Ice

This winter seems to be going through all the tedious evolutions of which a winter is capable. We had snow (O did we have snow). We had Very Cold Mud. We had fog, and its peculiarly Scottish cousin, haar. We had temperatures, at intervals, down to twenty(C) below. We had, briefly, a flood, before Hero Barnyards sorted out the exit-point of the burn. Now we have Ice. I will admit it is not mast high or the size of Luxembourg but I’ve never seen ice quite like it. We have achieved something very like permafrost. It wasn’t at all cold today (Miss Kit rashly went out and refused to come in, since I was off to the Vinegar Works and the Professor going to Turra for a haircut, she remained out for an hour or so by which time she heartily regretted it). But there’s nothing resembling melt. The track is like an ice-rink. Having walked back from the bus, what I found rather more disconcerting was that beneath the stubble, which provided a certain amount of traction, even the field was like an ice-rink. Further up the hill, the Professor tells me every single stubble-stalk is armoured in ice. It really is strange, even eerie. I do hope my Chusan palm isn’t dead. It’s supposed to tolerate extreme low temperature, as also my moutans, but it’s not looking well. A problem for the spring…

3 Responses to “Ice”

  1. Eleanor Says:

    Haar? Sounds like something we might have here in the North Carolina mountains. At present, we have sun AND snow flurries at the same time, which as far as I know, doesn’t have a particularly name, but which certainly deserves one!

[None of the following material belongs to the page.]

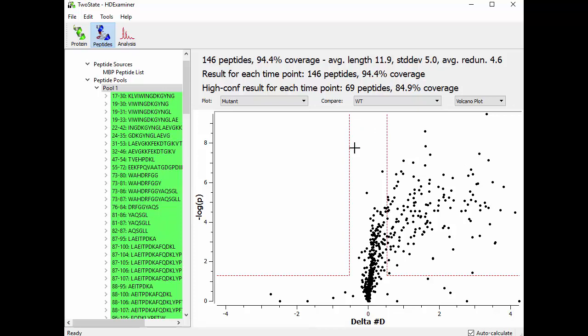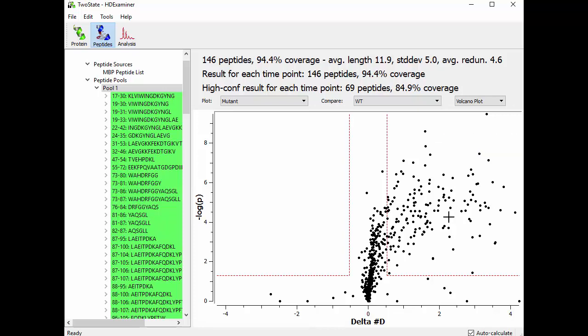And so any point that's in this quadrant or this quadrant here are the ones that we can be pretty sure are statistically significant differences. So for example, this one here, the delta number D is quite big. It's more than three. And the P value is very low. It's on the order of 10 to the minus 8. So this one, we can be pretty sure is a statistically significant difference.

Careful walking - I fell Christmas night and cracked a couple of ribs.

  2. The Man From Maryport Says:

    I thought the SI base unit of measurement for Ice was a Wales? Icebergs always seem to be the size of Wales. Except for the really big ones, which are the size of France. Presumably 10 Luxembourgs = 1 Wales, and 100 Waleses = 1 France.

  3. Jane Says:

    There was some stuff in the papers last year about an iceberg the size of Luxembourg calving off one of the Antarctic glaciers, which was all set to disrupt southern hemisphere weather patterns. Ask a Queenslander if you think it did.